Hello, I'm a beginner of bioPerl, I have two sequence files in FASTA format, in which there are a lot of similar sequence. I want to extract only different sequences and eventually to know if they come from file1 or file2. Thanks fo help. Marco
Hello, I'm a beginner of bioPerl, I have two sequence files in FASTA format, in which there are a lot of similar sequence. I want to extract only different sequences and eventually to know if they come from file1 or file2. Thanks fo help. Marco
I am assuming that by similar sequence you mean same ID.
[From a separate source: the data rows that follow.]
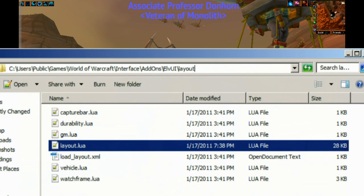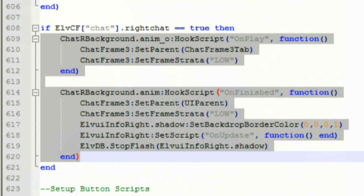You're going to want to go down in the Lua to about line 607. I'll have a screenshot up on this video that'll show the exact location. You're going to want to find that in Notepad++, which I'll also do a link to. What I have highlighted here is what you want to replace with the new code, and when you're done, it's going to look exactly like this.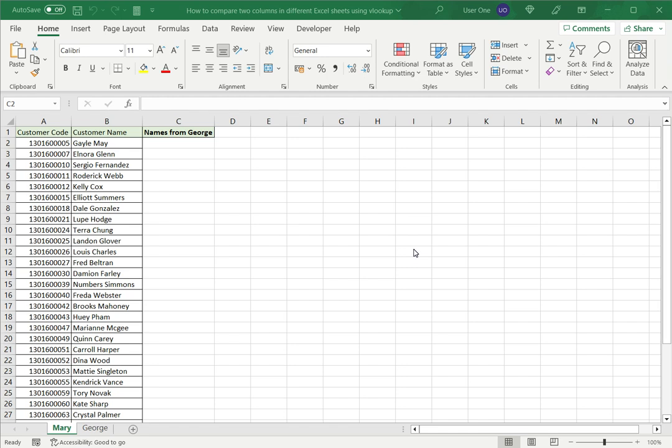Welcome to another Spreadsheeters video guide. You can find written instructions for these steps on the Spreadsheeters website. In this video we're going to see how to compare two columns in different Excel sheets using VLOOKUP.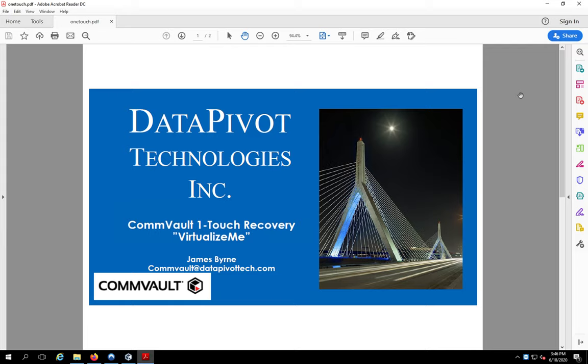And also we have PS services available. If you have a big project or you just, you know, don't have time to do it, we'll be glad to do it for you. All right. Thank you very much.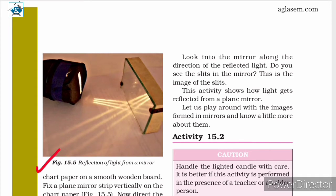Spread a sheet of chart paper on a smooth wooden board and fix the mirror strip vertically on the chart paper. Switch on the torch so that the beam of light is directed onto the mirror through the slits. Place the torch so that the light from it is seen along the chart paper on the board, similar to what is shown in the figure.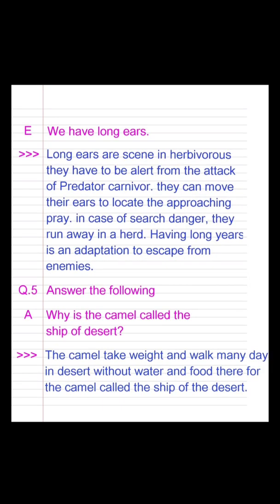Question E: We have long ears. Answer: Long ears are seen in herbivores. They have to be alerted from the attack of predator carnivores. They can move their ears to locate approaching predators. In case of danger they run away in a herd. Having long ears is an adaptation to escape from enemies.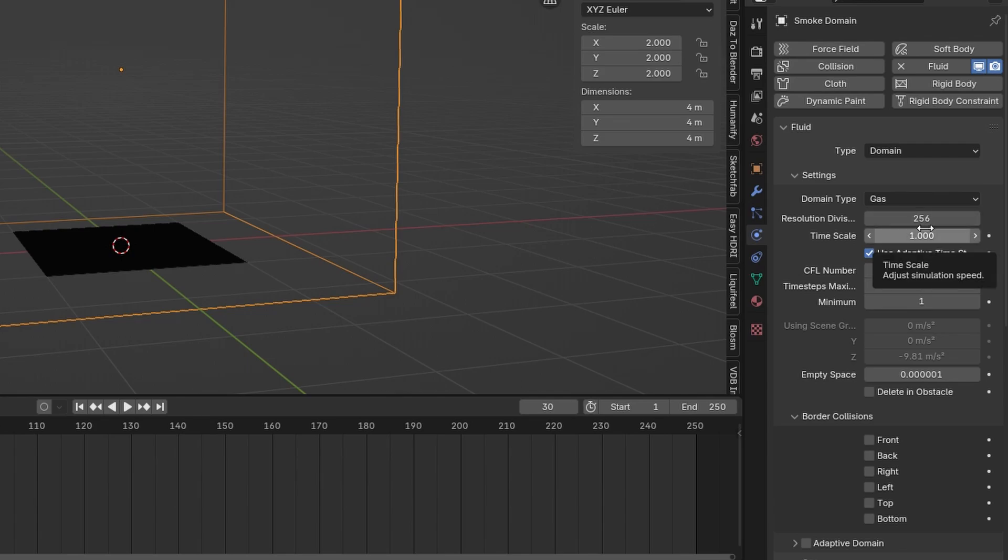This will take a lot of caching time but in the end it will look the best. But for now just to play around with the values I will leave it at 64.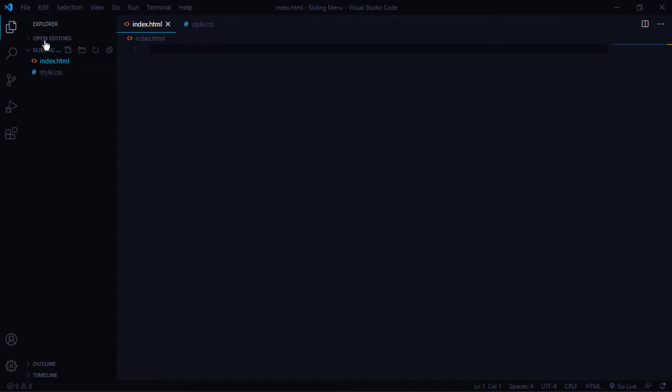Hey guys, today we'll be creating this awesome looking navigation menu that slides in from the left on hover. We have icons that change colors on hover and a custom made scroll bar. Let's jump right in and start coding.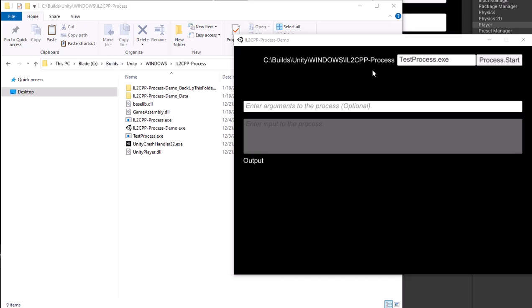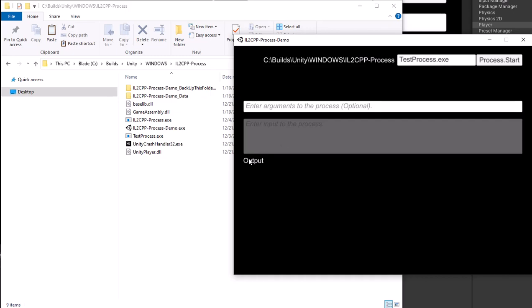The IL2CPP process works exactly the same as a Microsoft process system process from C# except it can work with IL2CPP scripting backend in Unity. If we use the demo, it will start the test process application assembled with the .NET Visual Studio project.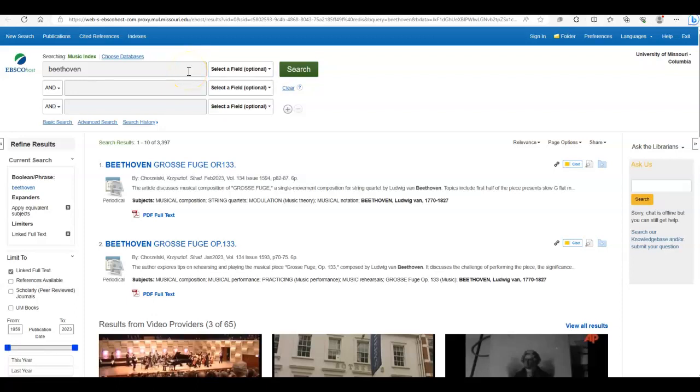Hello, my name is Elizabeth Lee and I'm going to show you how to use Music Index, which is a database with full text capability.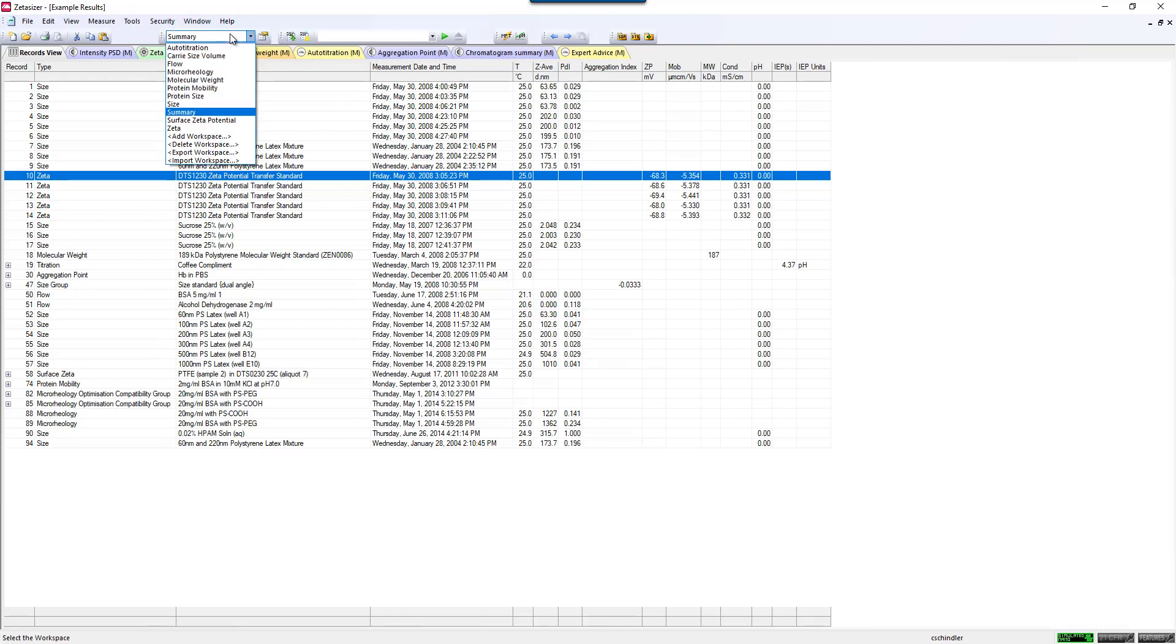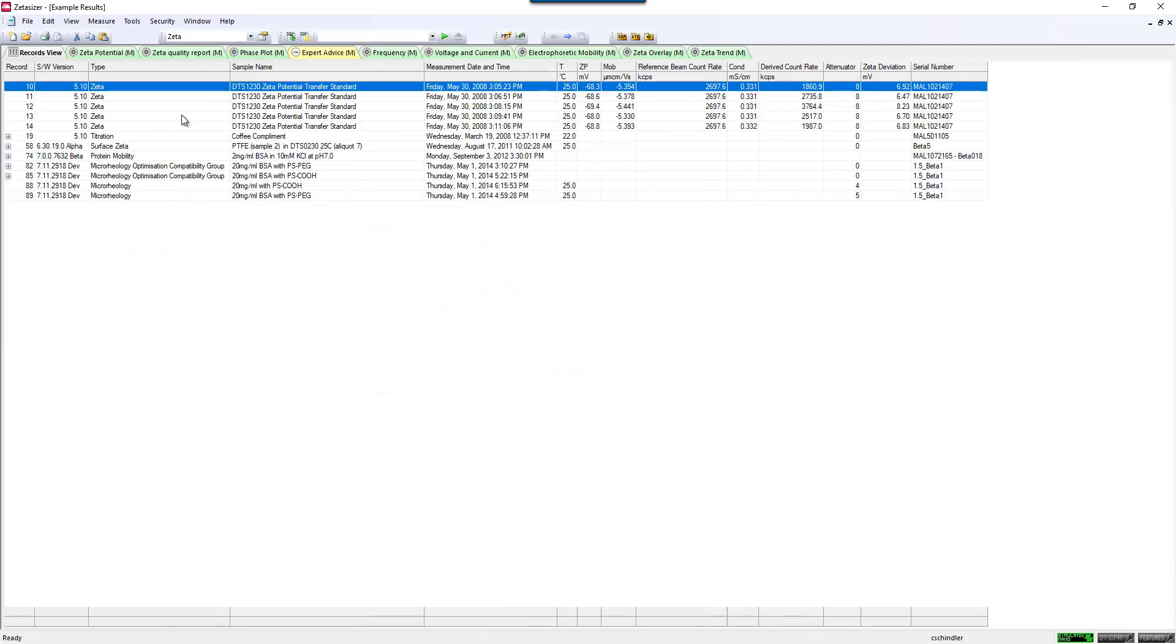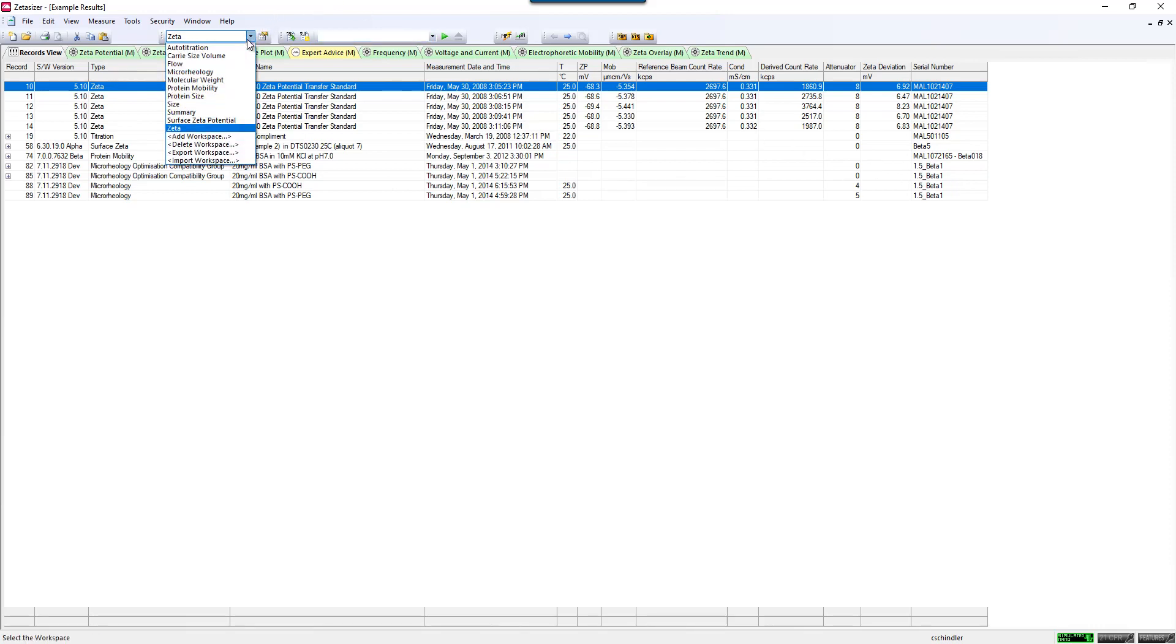There's a lot of different default ones. You'll see a summary one that shows all different types of measurements, and then there's measurement-specific ones, such as the Zeta Potential one that gives you relevant tabs and relevant information for a Zeta Potential measurement. You can customize all of these to meet your needs, and I've done a couple of them you can see here where I've displayed parameters that I would like to look at.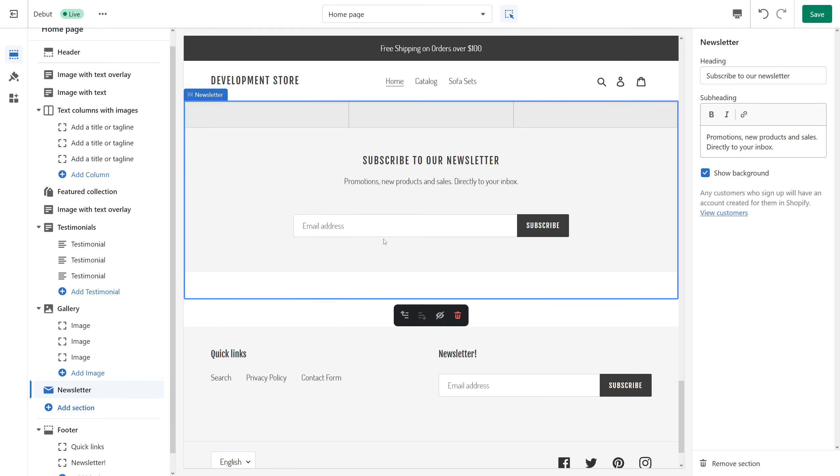And here it is, we've just added a newsletter form under the gallery. And in here you have a little bit more options with regards to customization. You can add heading, change subheading as well.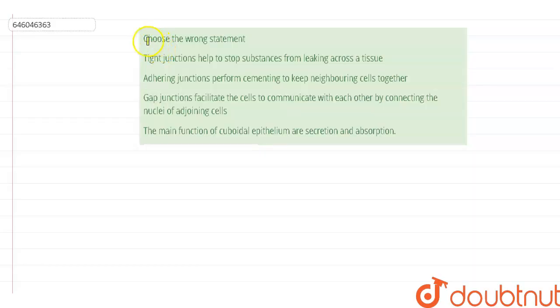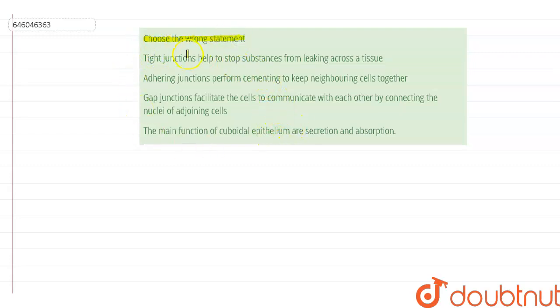Hello everyone. The question that we are going to discuss now is: choose the wrong statement. So among these statements, we have to choose which one of them is the wrong statement. Let us discuss them one by one.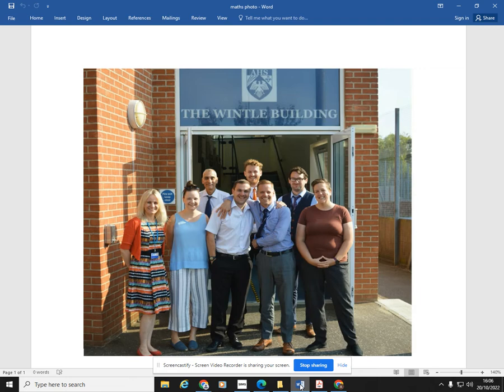We always share the results on Twitter, and this year we're going to email you the results as well, so you can see first of all where your child came in their group and where that was in the year group, and also the topics which your child struggled on. Hopefully they'll be able to catch up a little bit by looking at the A-Star Learning website. More about the website in a minute.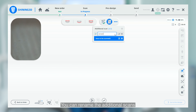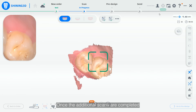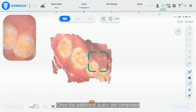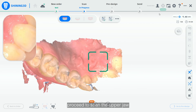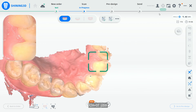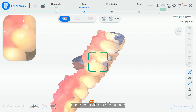You can rename the additional scans, and the maximum number of additional scans can be up to 10. Once additional scans are completed, proceed to scan the upper jaw, lower jaw, and occlusion in sequence.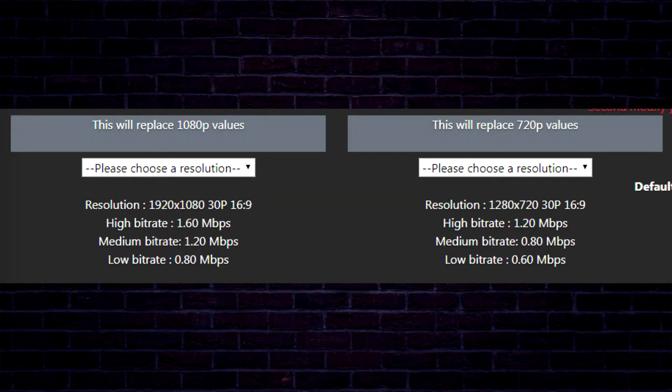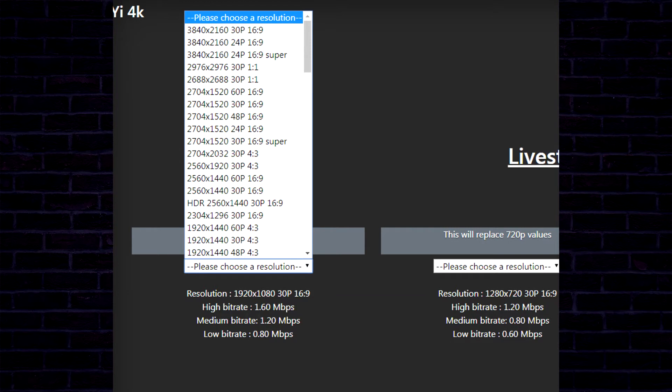Step 3: adjust the bitrates how you want them and pick a resolution. I recommend sticking with 60fps resolutions, such as replacing the value for 1080p to 1920x1080 60fps 16:9, and 720p to 1280x720 60fps 16:9.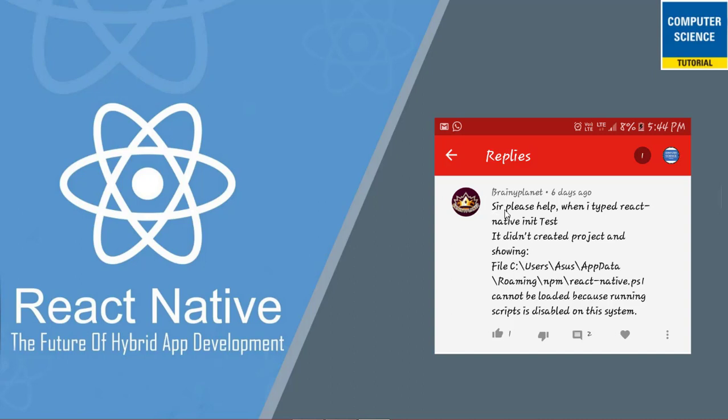Sir please help when I type React Native in a test, it did not create project and showing the error message. Let's see what is the error message. Cannot be loaded because running script is disabled on this system.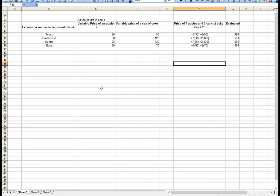However, I still use the same expression 7A plus 2C. If you look at column F, where it says 'price of seven apples and two cans of Coke,' you can see that expression being evaluated for the different prices.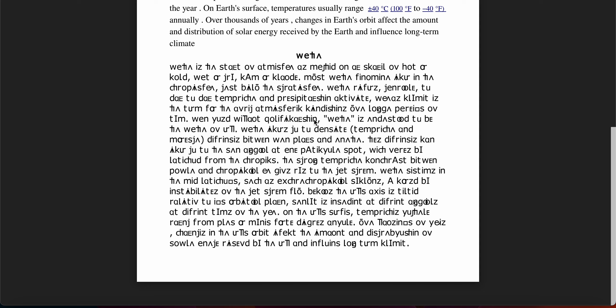Most weather phenomena occur in the troposphere, just below the stratosphere. Weather is generally driven by day-to-day temperature and precipitation activity.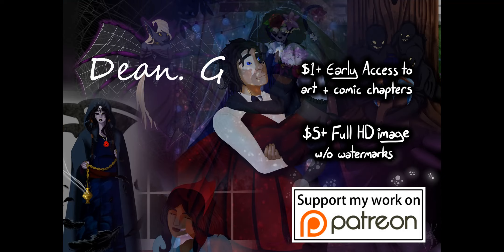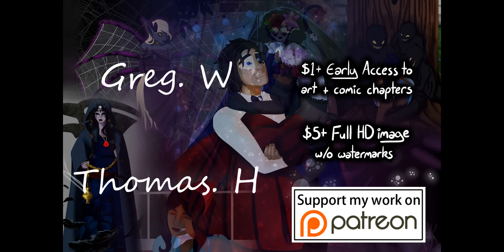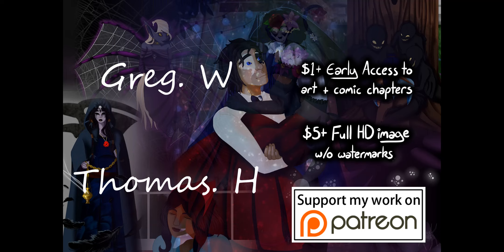A very special thank you to my patrons: Dean G, Debbie G, Thomas H, and Greg W. If you want to support my art and see things first, become a patron with the link below, and please make your day a wonderful one. Goodbye!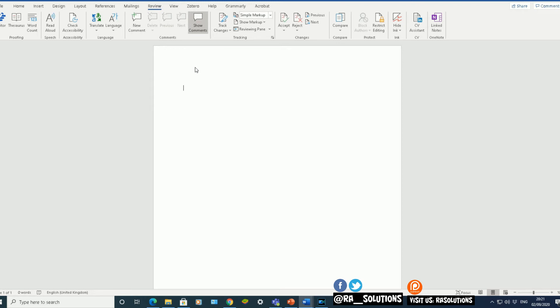Now, obviously, R-A-N-D stands for random. So you'll start off the command by typing in equals R-A-N-D. This time I'm going to type in dot old bracket open. Now, again, same sort of principle applies here.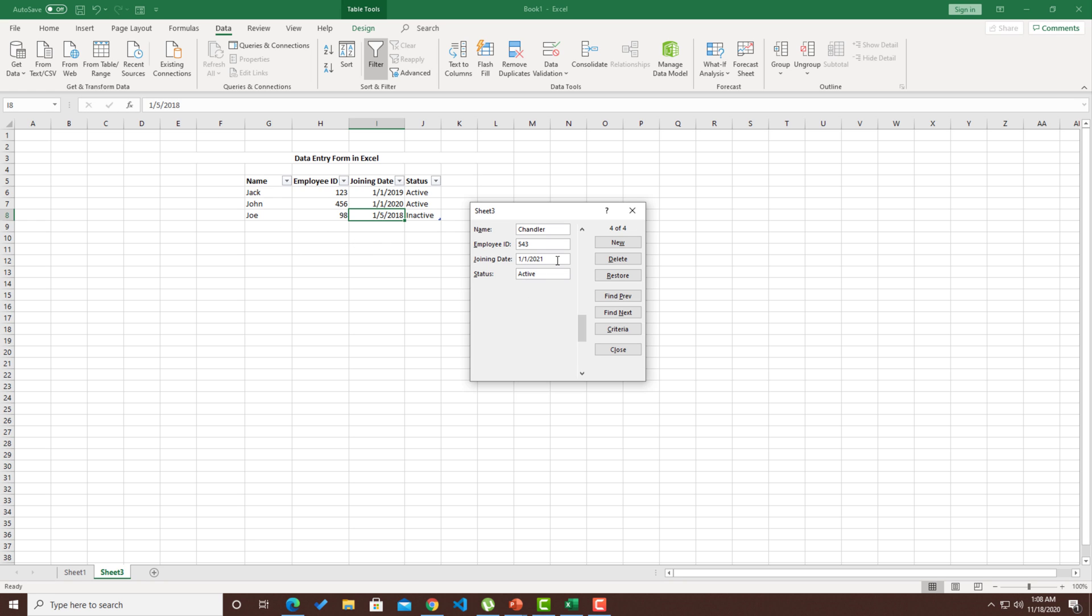Now, until the user corrects this particular data, they'll not be able to add it. The moment I correct this and hit enter, you can see that data has been added over here. Similarly, you can go and create as many validations as you want. Let's say you want to restrict an employee ID to an integer, you could do that. If you want to have a filtered list of status like active, inactive, you could even go and do that kind of validations.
Bioperl or not, you need to go through both files, take a note of IDs, and then test if the ID was in one or two sequences and act accordingly.
If you can fit all the data in memory, the easiest and most perlish thing is to read everything, filename, ID and sequence, into a hash and then query the hash. If you expect to be dealing with huge data sets, it is best to leave sequences out and deal with IDs and filenames only. When you know the subset you are interested in, you can go through sequence files again. Alternatively, you can create a database out of sequences that allows random access to the data.
Show us some code and we'll guide you on.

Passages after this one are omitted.